The measurement unit 1430 is configured to support the user
equipment in performing the foregoing step S504 or S806 and the
user equipment in measuring a positioning reference signal at other
time according to any rule, and/or is configured to perform another
process of the technology described in this specification. The
analysis unit 1440 is configured to support the user equipment in
performing the foregoing step S502, and/or is configured to perform
another process of the technology described in this
specification.
[0257] In addition, in some cases, the receiving unit 1410 and the
sending unit 1420 are further configured to assist in performing
step S807, so that the UE enters a connected state. For example,
the UE may send a random access request to an NG-RAN through the
sending unit 1420, receive a random access request response from
the NG-RAN through the receiving unit 1410, and the like.

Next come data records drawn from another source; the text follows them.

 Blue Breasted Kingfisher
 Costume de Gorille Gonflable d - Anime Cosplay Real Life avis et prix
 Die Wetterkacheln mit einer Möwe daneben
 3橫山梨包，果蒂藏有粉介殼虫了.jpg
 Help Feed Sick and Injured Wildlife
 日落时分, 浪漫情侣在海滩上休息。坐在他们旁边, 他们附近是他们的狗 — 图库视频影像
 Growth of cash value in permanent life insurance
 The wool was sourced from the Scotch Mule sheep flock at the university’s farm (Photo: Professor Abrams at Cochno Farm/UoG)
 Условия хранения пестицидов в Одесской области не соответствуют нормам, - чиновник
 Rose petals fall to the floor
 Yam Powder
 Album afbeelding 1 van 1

[0258] FIG. 15 is a schematic diagram of a structure of a location
management device according to an embodiment of this application.

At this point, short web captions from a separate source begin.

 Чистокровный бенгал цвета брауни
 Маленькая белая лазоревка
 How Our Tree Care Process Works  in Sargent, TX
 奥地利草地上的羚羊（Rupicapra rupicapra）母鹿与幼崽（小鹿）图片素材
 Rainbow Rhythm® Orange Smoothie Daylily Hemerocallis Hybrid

The location management device may include a receiving unit 1510, a
sending unit 1520, and an analysis unit 1530.
[0259] The sending unit 1520 is configured to support the location
management device in performing any one of step S800-1, S800-4,
S803, or S810, and/or is configured to perform another process of
the technology described in this specification. The receiving unit
1510 is configured to support the location management device in
performing any one of step S800-2, S800-3, S802, S808, or S1001,
and/or is configured to perform another process of the technology
described in this specification. The analysis unit 1530 is
configured to support the location management device in performing
the foregoing step S809, and/or is configured to perform another
process of the technology described in this specification.
[0260] It should be noted that, all related content of each step in
the foregoing method embodiments may be cited in function
descriptions of a corresponding functional module. Details are not
described herein again.
[0261] It should be noted that the sending unit 1420, the sending
unit 1520, the receiving unit 1410, and the receiving unit 1510
each may include a radio frequency circuit. Specifically, a network
element may receive and send a radio signal through the radio
frequency circuit. The radio frequency circuit usually includes but
is not limited to an antenna, at least one amplifier, a
transceiver, a coupler, a low noise amplifier, a duplexer, and the
like. In addition, the radio frequency circuit may further
communicate with another device through wireless communication. The
wireless communication may use any communication standard or
protocol, including but not limited to a global system for mobile
communications, a general packet radio service, code division
multiple access, wideband code division multiple access, long term
evolution, an e-mail message, an SMS message service, and the
like.
[0262] In an optional manner, when software is used to implement
data transmission, the data transmission may be implemented
completely or partially in a form of a computer program product.
The computer program product includes one or more computer
instructions. When the computer program instructions are loaded and
executed on a computer, the procedure or functions according to
embodiments of this application are all or partially implemented.
The computer may be a general-purpose computer, a dedicated
computer, a computer network, or another programmable apparatus.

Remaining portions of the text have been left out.